A few weeks ago while reading "Incognito," with November coming, I thought how I needed to get on my winter tires. A few days later, I picked out a coat I hadn't worn since early spring. Putting my hands in the pockets, I felt a strange metal object. Pulling it out, I found what appeared to be a socket. But it didn't look like any kind of socket I had seen before in my tool box. Not knowing where it had come from, I decided I should just put it aside on the table in the foyer of my house.

Without thinking further about it, a couple weeks later I took my truck to the garage to get the summer tires and rims replaced. After leaving I got a call from the mechanic telling me that they couldn't find the mechanical piece that was required to get the present rims off the truck. The problem was that, earlier in the spring, I had a special set of tires mounted on new rims. Supposedly included in the package, returned to me at the time, was that little device uniquely made to take off those particular rims. As a security device, without it, the tires could only be removed with great trouble and expense. In a panic, for the life of me, I had no recollection of such a device.

That little socket I found a few weeks earlier suddenly "popped into mind." Racing home in a friend's car I went into my house and found the strange little socket sitting on the table where I had left it. Then, racing back to the garage, I placed it into the mechanic's hand whereupon he fitted it perfectly over the awaiting lug nut on the tire's rim.

Thank God. I felt that Someone really was looking out for me that day. But then I thought of Eagleman and his neurological explanation for these series of events, with none of it requiring God. It shook me.

I realized that that Someone might be my own brain.

Eagleman would like say that when I thought I needed to get my winter tires on, my brain went into panic. It knew that instead of placing that important socket into my glove compartment of the truck, I stuck it in the pocket of one of my jackets, an event my conscious brain had long since forgotten. Knowing that without it I'd be in deep trouble, my brain had to figure out how to get me -- the shallow, conscious self -- to find that socket.

Seemingly innocuous enough, while selecting a jacket to wear a couple days later, I "just decided" to pick the one I happened to be wearing earlier in the spring when I got my new tires and rims. It wasn't, however, a decision made out of nowhere. Putting my hands into the pockets -- voila! -- the dimwitted body that houses my brain finds the socket! Mission accomplished!

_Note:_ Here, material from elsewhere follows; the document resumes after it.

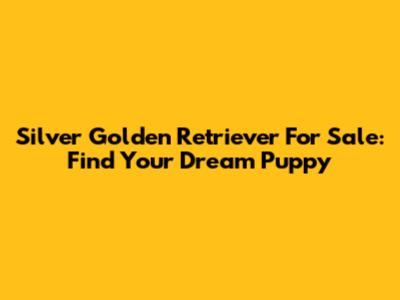 Silver Golden Retriever For Sale: Find Your Dream Puppy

The greater question is, how often do we attribute our more profound thoughts and abilities to divine guidance when, in fact, they are rather the fruit of processes deep within the magnificent brain?

It isn't a question unique to religious believers. In Socratic philosophy this is the Daemonion, the inner voice that, quiet as it is, seems to have a clarity that distinguishes it from the other voices in our heads. It's the Muse that artists, musicians, writers and thinkers of all sorts attribute to creative work, which, because it can sometimes flow profusely out of our minds, is hard to attribute to our own abilities and consciousness. (Notice how it overpowers athletes when they acknowledge divine intervention?) It appears so outside ourselves that we think it is inspired.

Eagleman's study is important. Among other things, it is furthering the process of modern secularity as it provides alternatives to religious belief. But I hesitate. I'm not quite ready to attribute all such turn of events to my brain. No doubt, old habits are hard to dispel. And I don't want to be guilty of mortal hubris, described forcefully in the other great read "All Things Shining: Reading the Western Classics to Find Meaning in a Secular Age."

So I continue to take the middle ground between secularity and religious belief. For the time being, I'm happy to stand amazed at the evolutionary development of the brain and to be also thankful to whatever or whoever else might help along the way.